Lowe squares up slam so perfectly that 'I didn't feel it'
This browser does not support the video element.
ST. PETERSBURG -- Brandon Lowe stood still for a moment, his feet still planted in the left-handed batter’s box and his sights set on the baseball he’d just pulverized. As the ball sailed toward the seats in right-center field, Lowe shifted the end of his bat into his left hand and tossed it toward the home dugout before beginning his trot around the bases.
Yes, after two years disrupted by injuries, Lowe is healthy. And yes, this is what he does when he’s healthy.
Right-hander Aaron Civale delivered the kind of start the Rays expect to see a lot more of this season, holding Toronto to just one run over six innings, and Lowe backed him up with a third-inning grand slam off Chris Bassitt in the Rays’ 8-2 win over the Blue Jays on Friday night at Tropicana Field.
Lowe’s fourth career slam came on a 1-1 cutter from Bassitt. The ball exploded off his bat with an exit velocity of 111 mph, according to Statcast, and traveled a projected 444 feet -- the third-longest home run and fifth-hardest-hit ball of his career, and the Majors’ first slam of the season.
“The ones that you hit the hardest are always the ones that you don't feel, and I didn't feel it coming off the bat,” Lowe said. “That was a pretty good sign. … Just kind of lets you know that you're doing the right thing at the plate.”
Bassitt had his way with the Rays for the first two innings, allowing only a walk while striking out five of the first seven hitters he faced. But new catcher Ben Rortvedt led off the third with a single to center field in his first at-bat with the Rays, then José Caballero was hit by a pitch to put two runners on. Yandy Díaz hit a grounder to shortstop that Bo Bichette couldn’t handle, loading the bases for Lowe.
Lowe fouled off the first pitch he saw, then took a slider to pull even in the count. Bassitt left a 90.5 mph cutter over the middle of the plate, and Lowe capitalized with an absolute no-doubter.
“I told him I was tagging up. I was tagging up the whole way,” Rortvedt said, laughing. “No, he launched it. I had a great view.”
So did Bassitt.
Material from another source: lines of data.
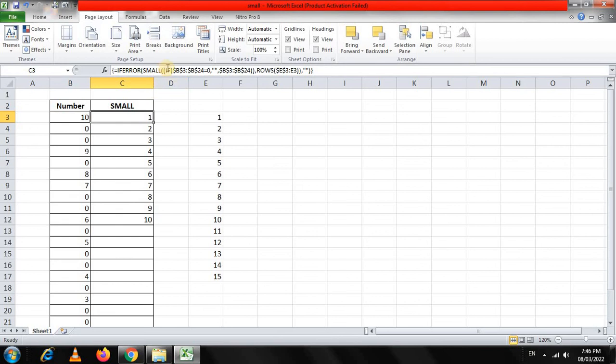So, using SMALL and integrating it with IF, ROWS, and IFERROR, we can sort this data in ascending order ignoring the zeros. I hope this video will be useful for you in the future. Keep watching my videos, share them, give me a thumbs up, and if you like these videos, do subscribe to my channel. Thanks, bye!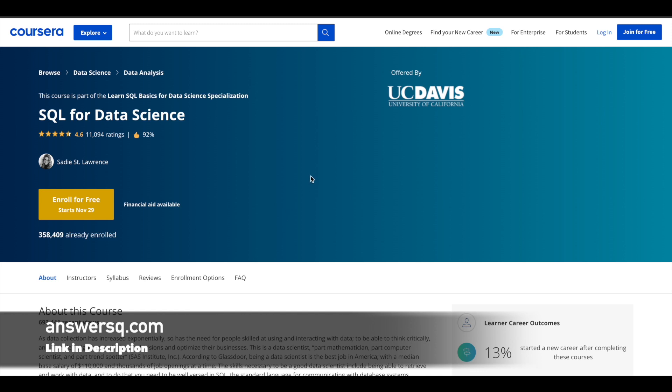To enroll in this course, click on 'Enroll for Free.' Once you're logged into your account, you'll see the audit option. Click on that and enroll for free. However, for a certificate, you have to pay a certain amount in Coursera.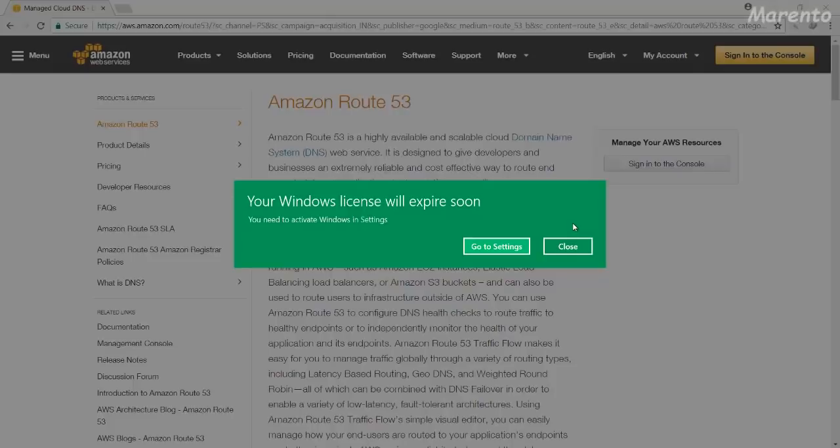Welcome to Maranto, today we are going to fix this error which prompts on our screen: Your Windows license will expire soon.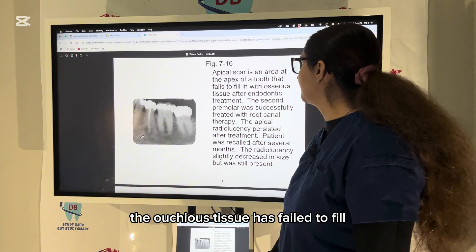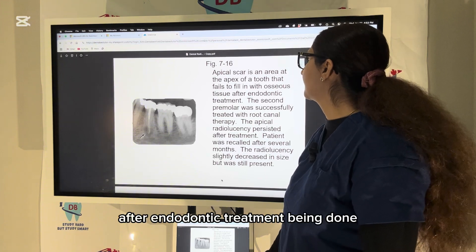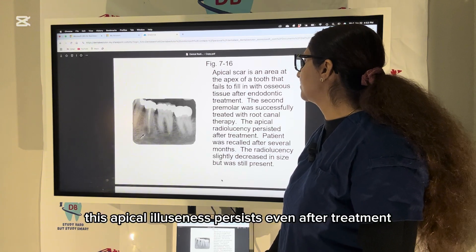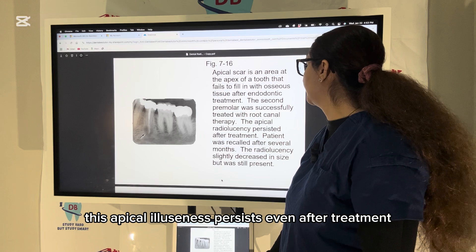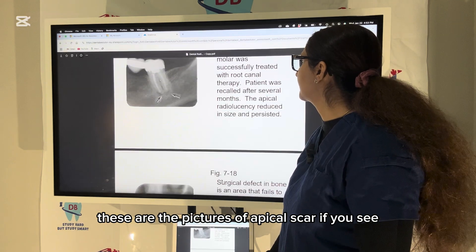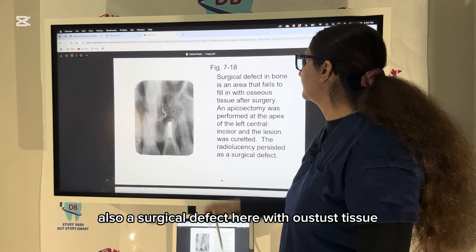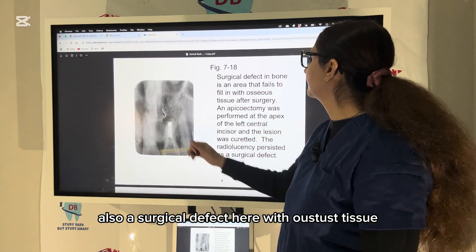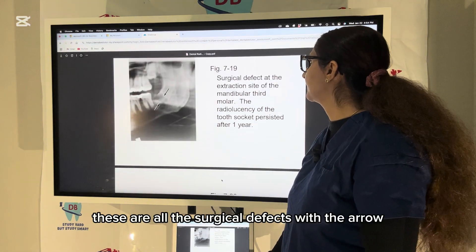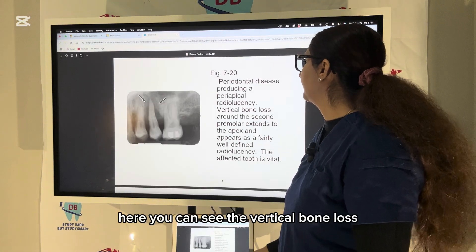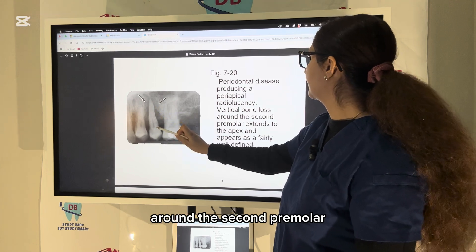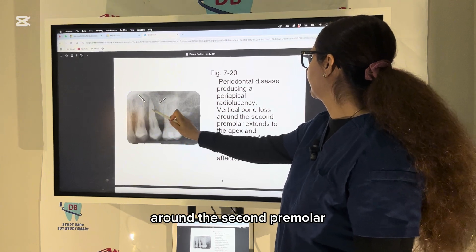Now we can see an apical scar. The scar tissue is where osseous tissue has failed to fill after endodontic treatment — this apical radiolucency persisted even after treatment. These are pictures of apical scar. You can also see a surgical defect here with osseous tissue after surgery. These are all surgical defects indicated with arrows.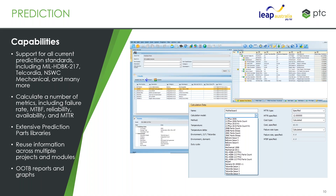Prediction also feeds into many of the other modules within risk and reliability, allowing you to leverage existing information throughout your project so you're not having to manually fill in that data over and over — it's just a matter of linking that data to pull it forward. Prediction also has out-of-the-box reporting and graphing built in, so you can generate reports, graphs, and templates to represent and distribute your data.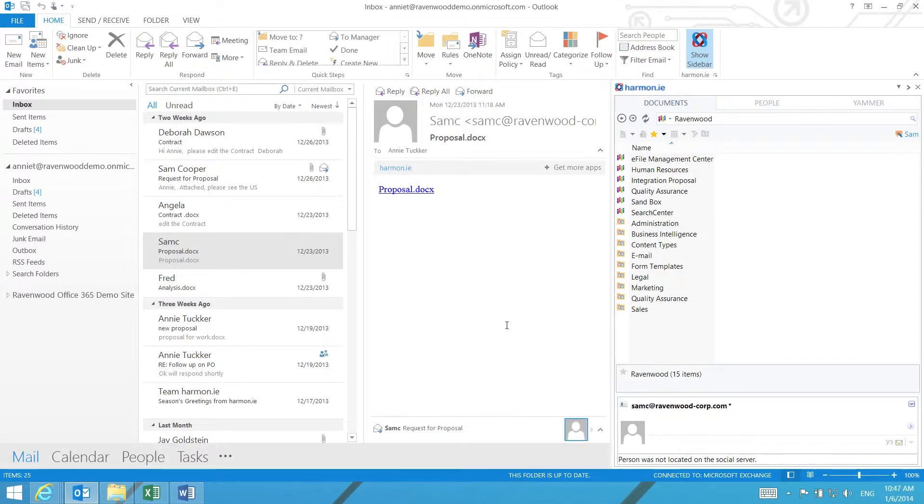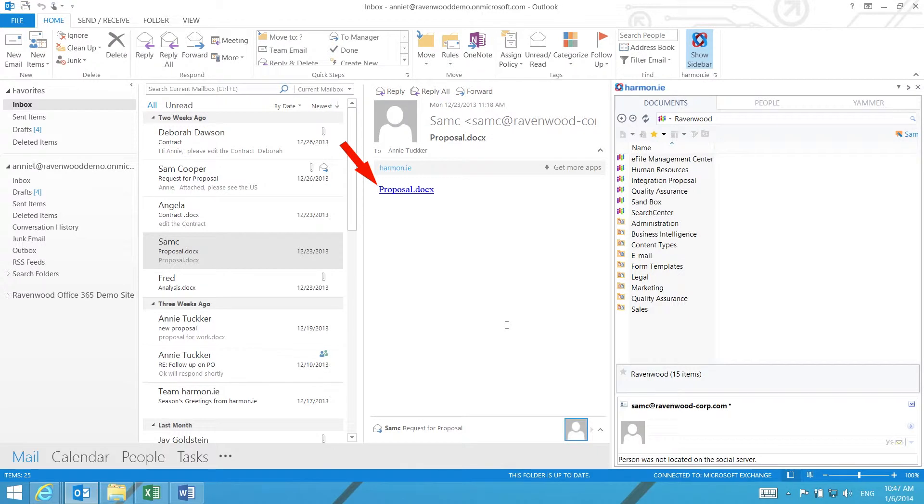When you receive a document link in an email message, it is usually easiest to open the document by copying the document link and pasting it into the Harmony window.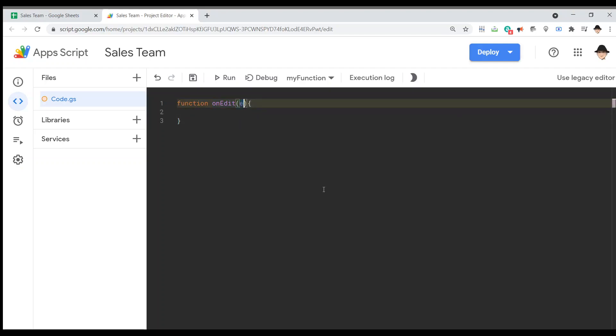This is really important. This E parameter is created by an edit. It contains information such as the range of the edit, the value of the edit, the source sheet of the edit, stuff like that. If that variable does not exist, if that parameter is not passed, this function will usually fail. It doesn't fail automatically. It fails when that E variable is needed.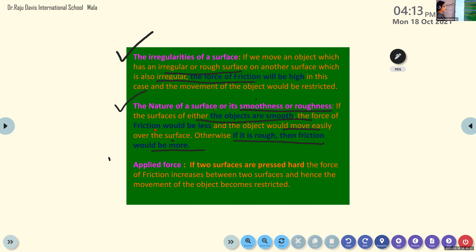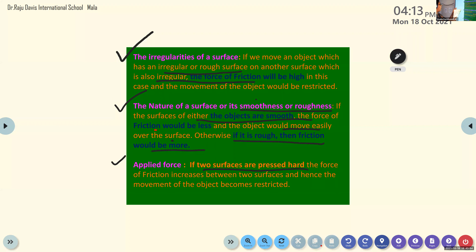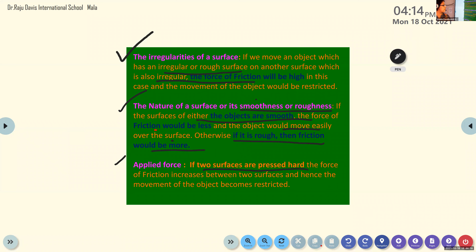The third factor is applied force. If two surfaces are pressed hard — for example, if I hold a book very tightly against the board and someone tries to snatch it, they will struggle because I applied more force, locking the book and board strongly together. So if two surfaces are pressed hard, the force of friction increases; otherwise it decreases. That is the third factor.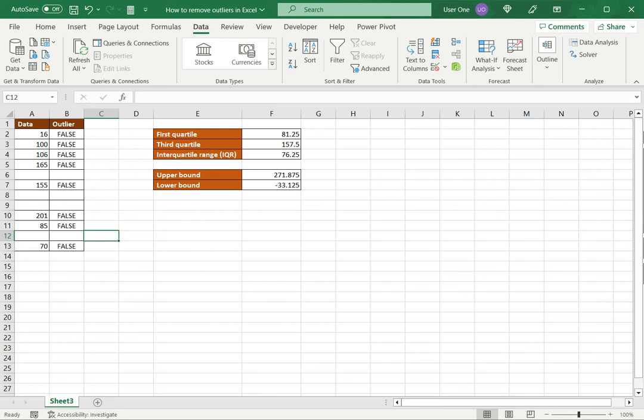So this is how to remove outliers in Excel. Please read the appended article for further guidance.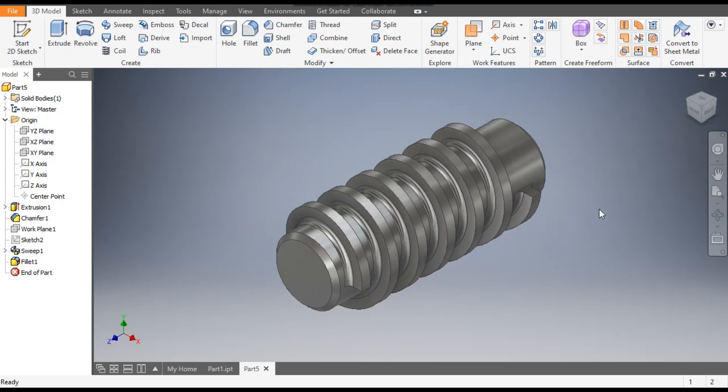So this was a basic tutorial on how to construct a thread profile without the thread feature in Autodesk Inventor software. I hope you liked the video. If you did, please hit Like and subscribe to the channel for more such videos. Thank you.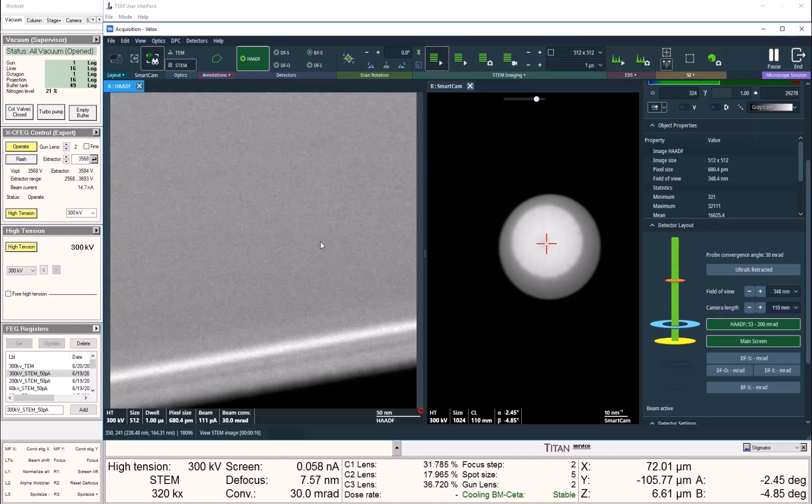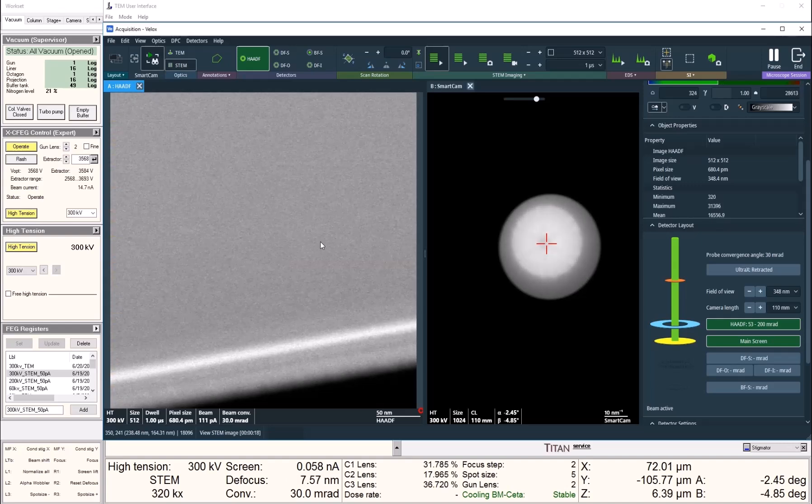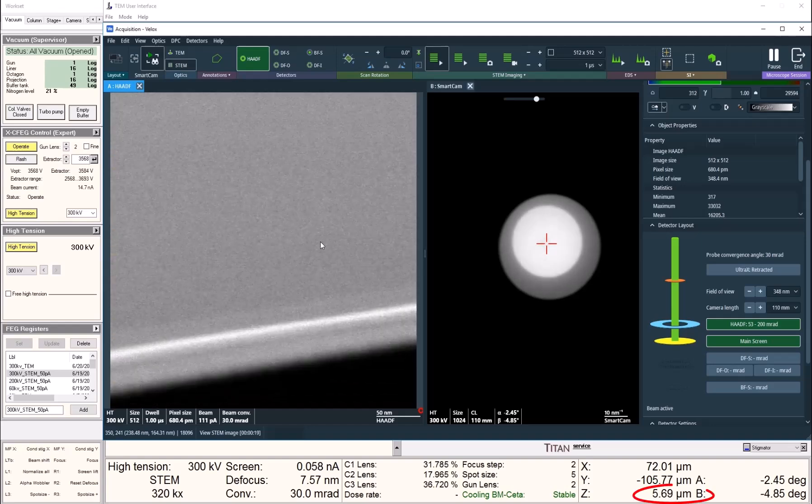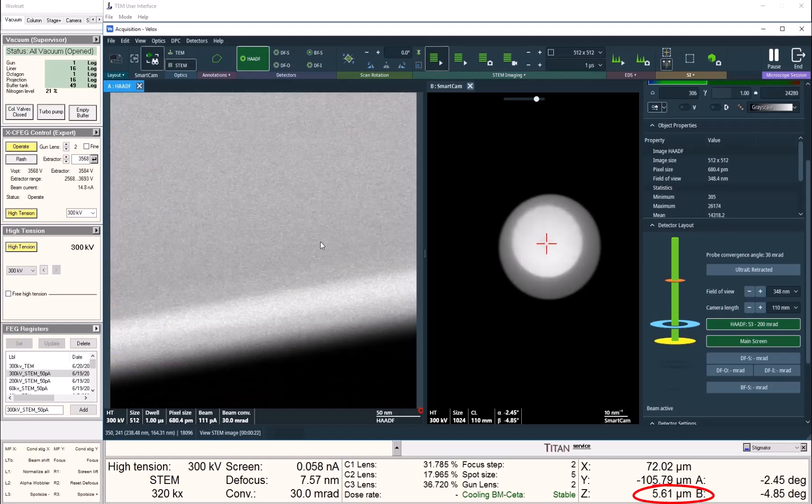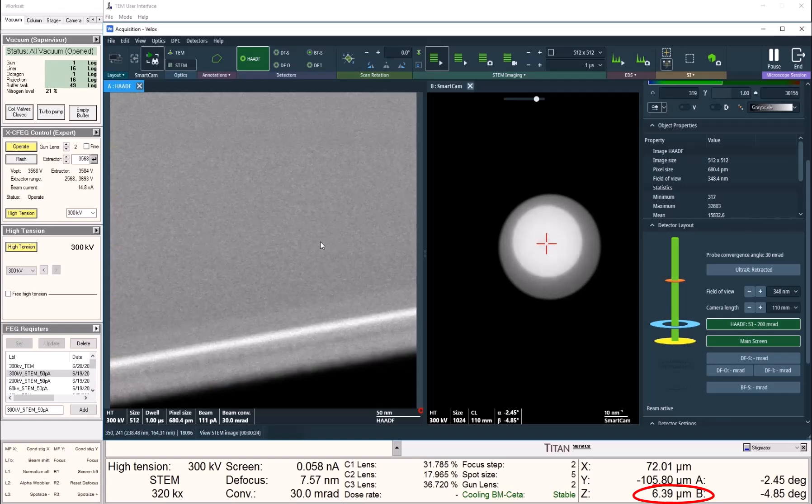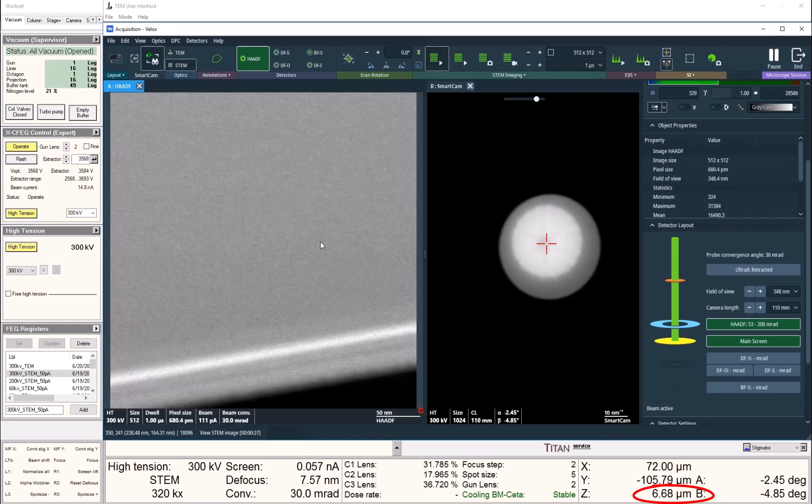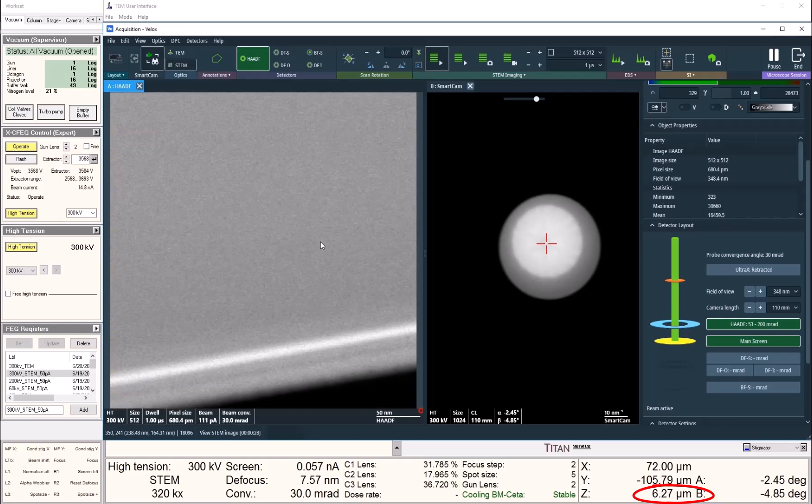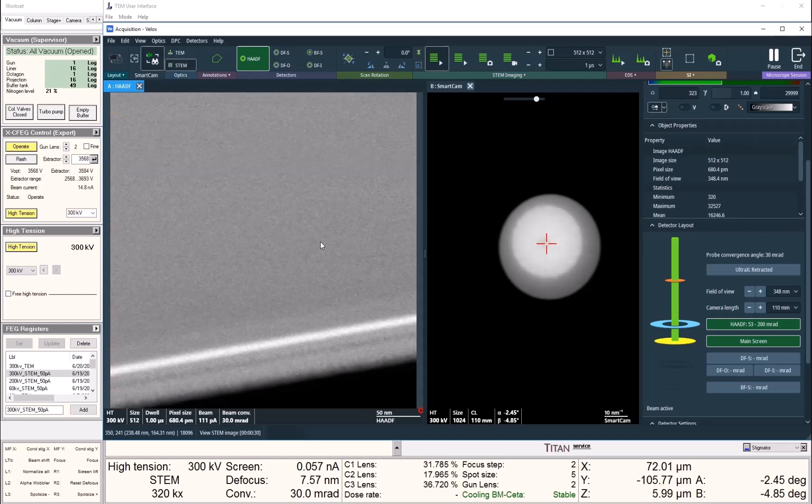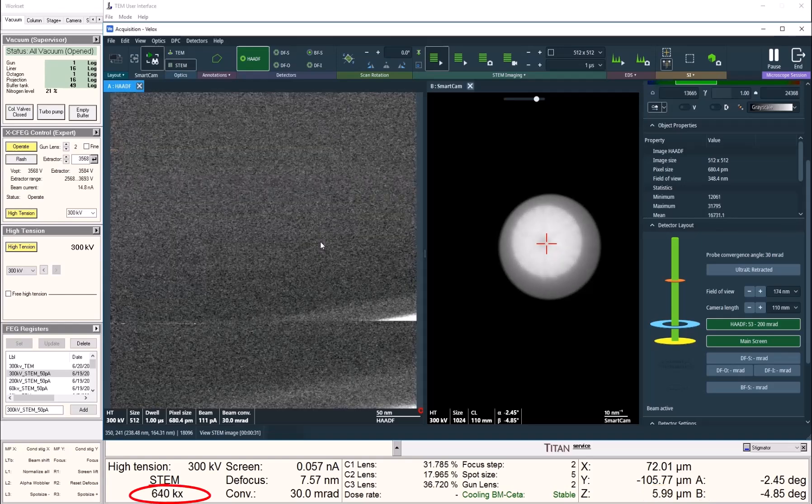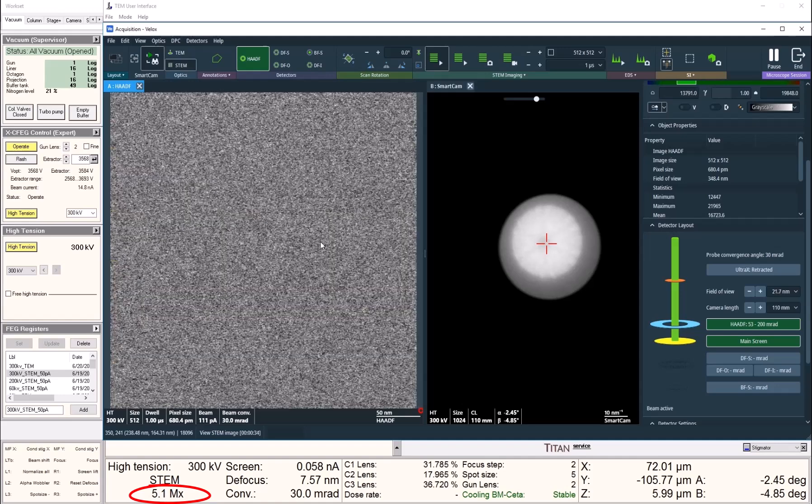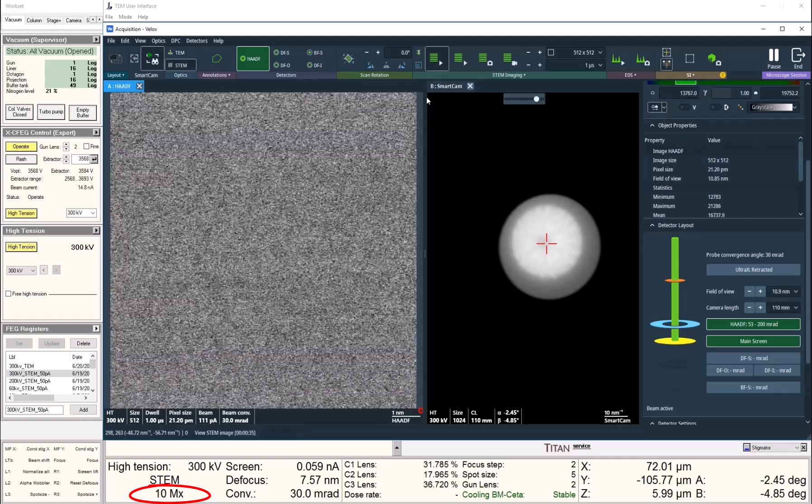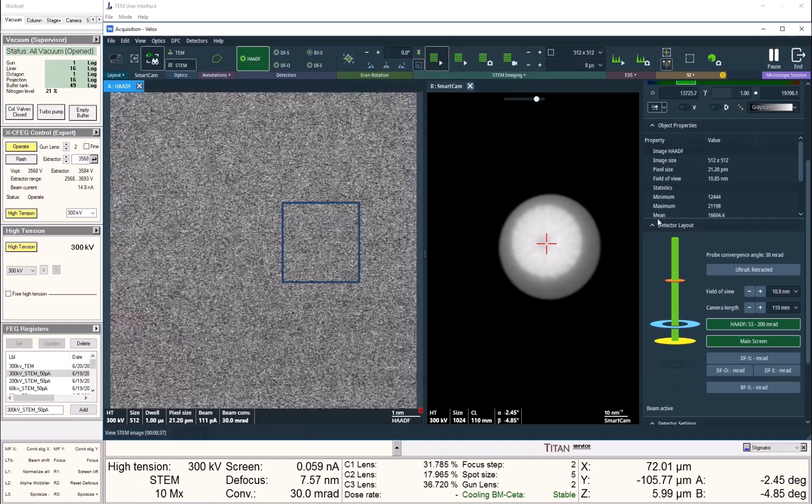Now with my zone axis aligned, I can quickly focus my sample with Z. Then I can zoom in to my region of interest to a magnification of around 10 million times, and we can start to see atomic columns.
The right-hander turned to briefly check the ball’s flight, then shook his head and raised his arms in obvious frustration.
“I just can’t make that mistake,” Bassitt said. “That was literally the game.”
This browser does not support the video element.
With key left-handed hitters Josh Lowe and Jonathan Aranda injured to start the season, the Rays must hope that swing was only the start for Lowe. He reported to camp fully healthy after being set back the past two years by a stress reaction and inflammation in his back followed by a season-ending right kneecap fracture last year.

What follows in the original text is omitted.